= Exercise details =
Locate "Dynamic Army Green" in the records below, then copy its line and every following line exactly, without the pictures.
━━ Dataset records
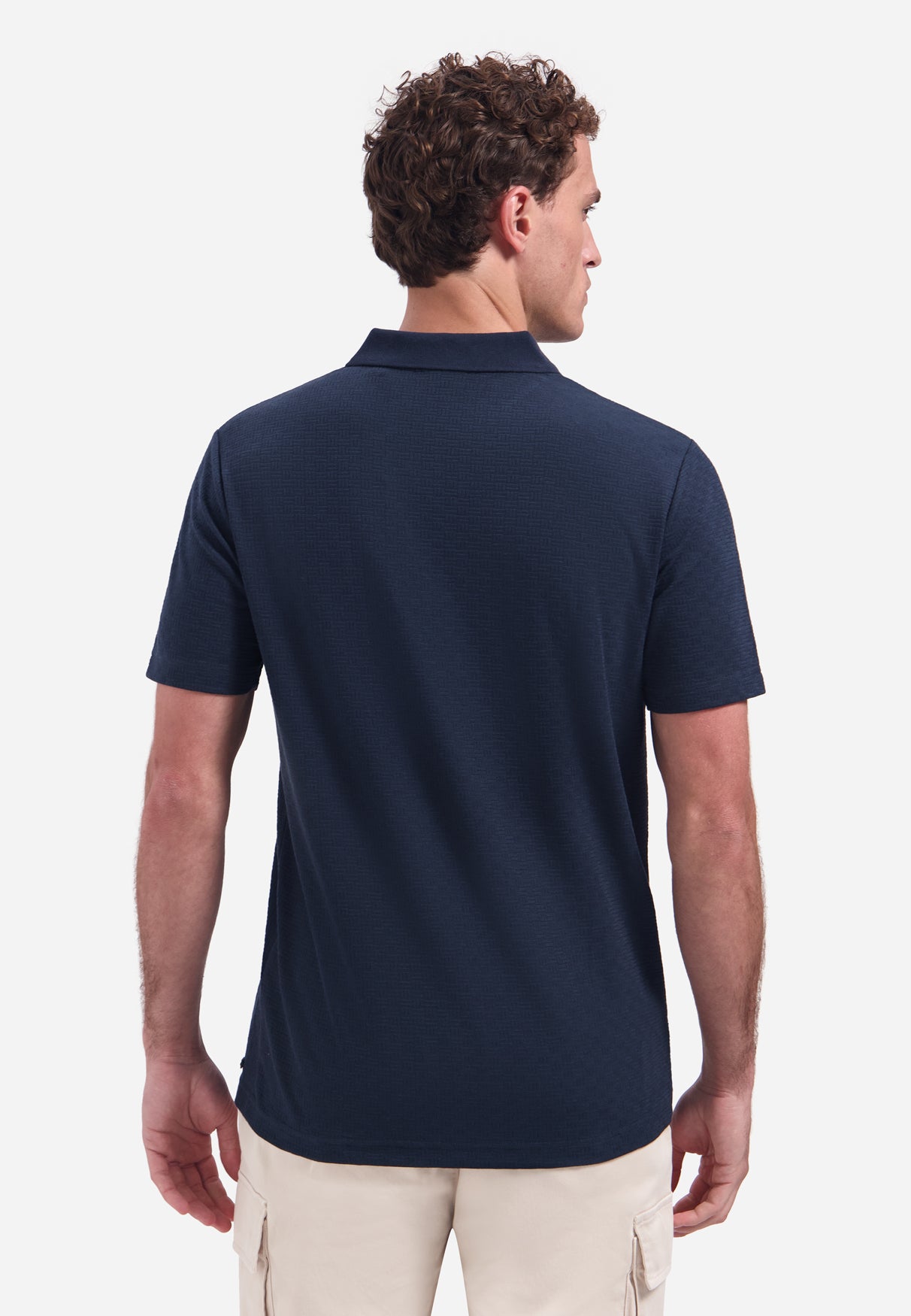 Short-sleeve structured V-neck polo | Night
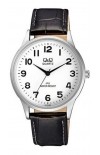 Q&Q Black Leather Strap C214J304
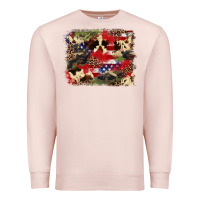 Pale Pink 4th of july american flagcowhide  leopard backgrou Premium Sweatshirt - FaDigitalArtStudio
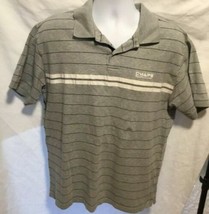 Chaps Ralph Lauren Mens Sz L Gray With Blue Striped Polo Shirt Short Sleeve - $9.90
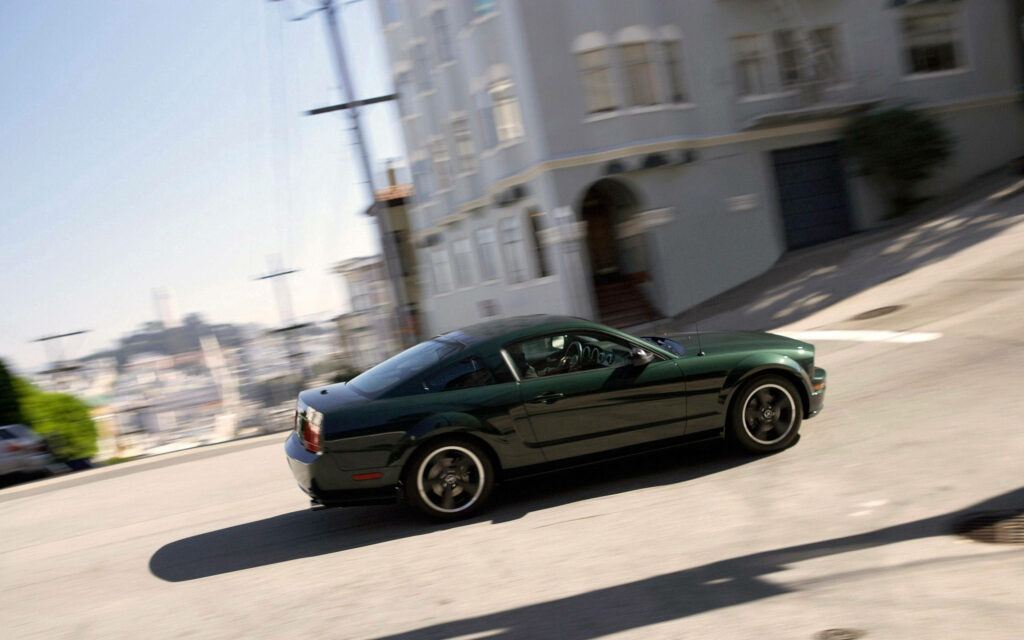 Dynamic Army Green Ford Mustang Urban Racing Wallpaper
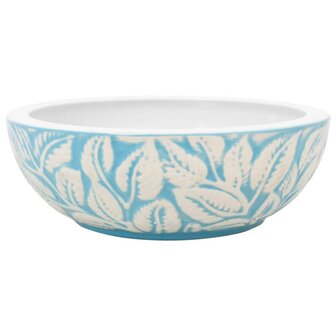 Opzetwasbak rond &Phi;41x14 cm keramiek wit en blauw 2
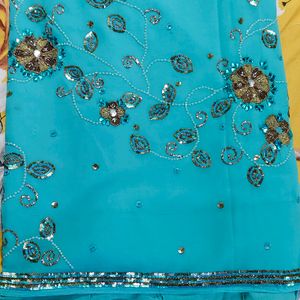 New Heavy Embroidered Stone Work Gorgette Saree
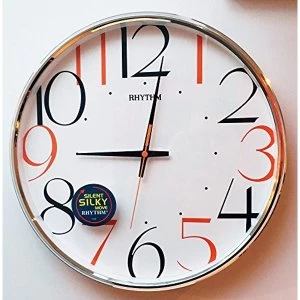 Image of Rhythm Contemporary Black & Orange Wall Clock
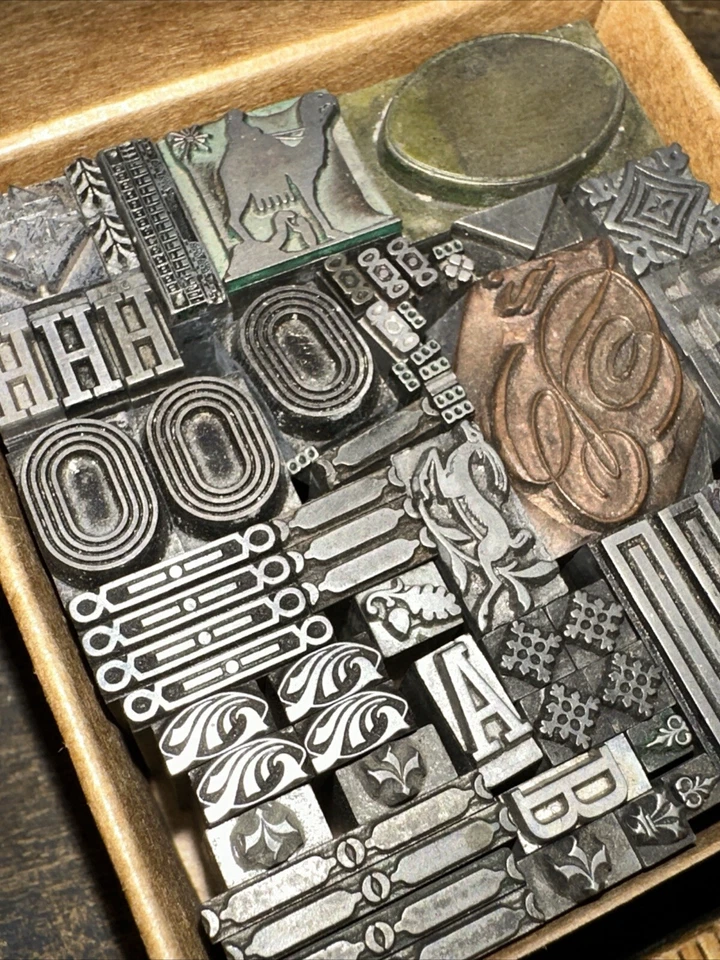 Printing Blocks “ Lead Ornamental Borders Dingbats” Great Variety! - Image 4 of 4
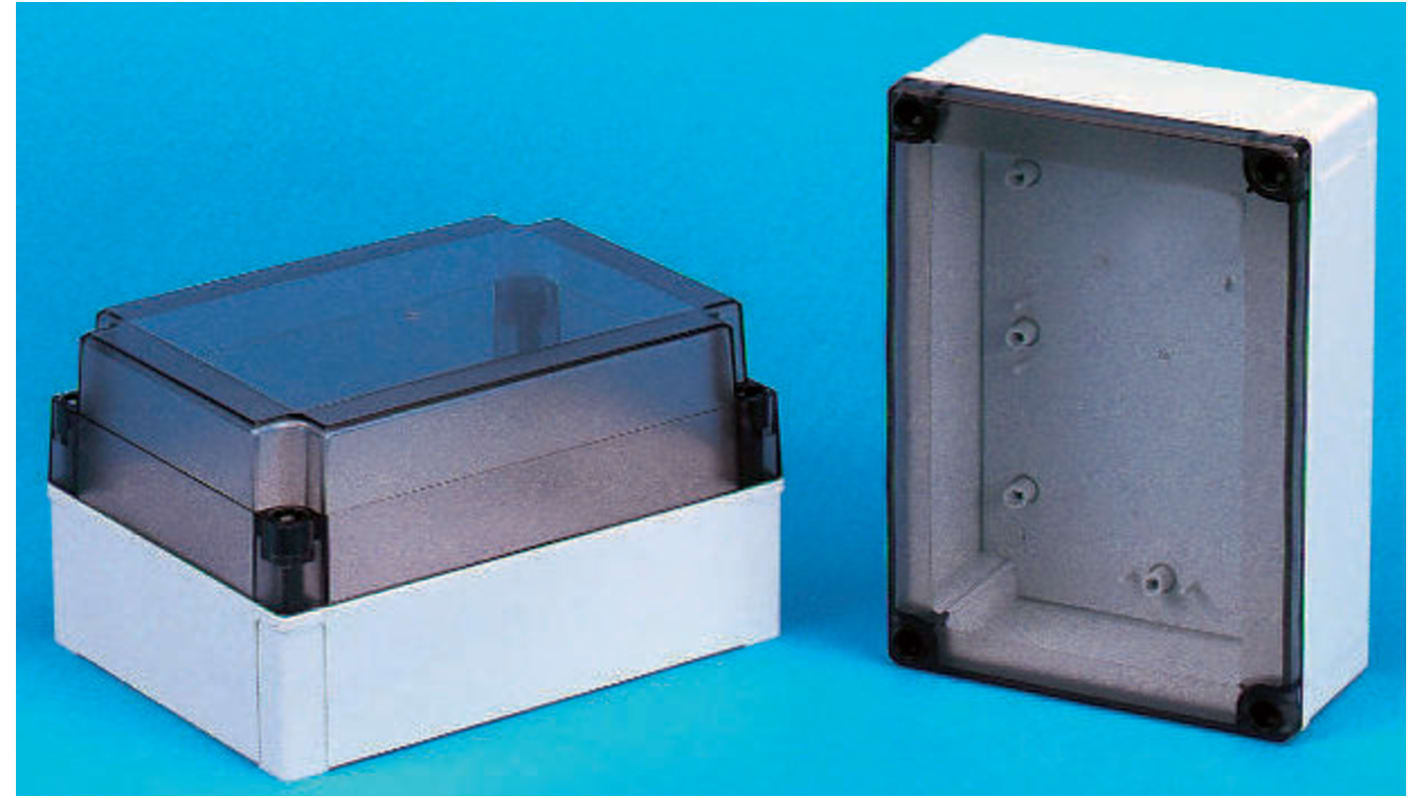 Fibox MNX Series Grey Polycarbonate Enclosure, IP66, IP67, Smoked Transparent Lid, 180 x 130 x 35mm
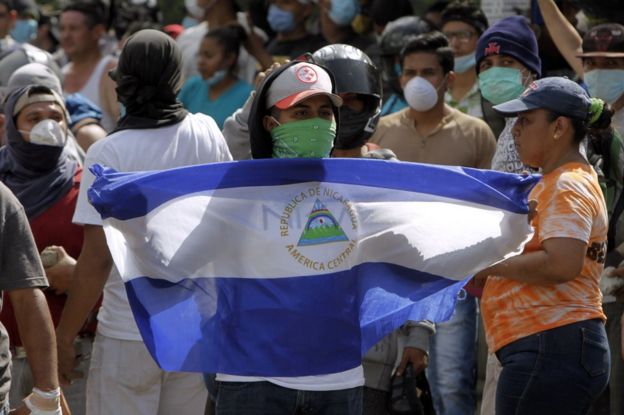 Estudiante con una máscara sosteniendo una bandera de Nicaragua.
━━━━
= Exercise response =
 Dynamic Army Green Ford Mustang Urban Racing Wallpaper
 Opzetwasbak rond &Phi;41x14 cm keramiek wit en blauw 2
 New Heavy Embroidered Stone Work Gorgette Saree
 Image of Rhythm Contemporary Black & Orange Wall Clock
 Printing Blocks “ Lead Ornamental Borders Dingbats” Great Variety! - Image 4 of 4
 Fibox MNX Series Grey Polycarbonate Enclosure, IP66, IP67, Smoked Transparent Lid, 180 x 130 x 35mm
 Estudiante con una máscara sosteniendo una bandera de Nicaragua.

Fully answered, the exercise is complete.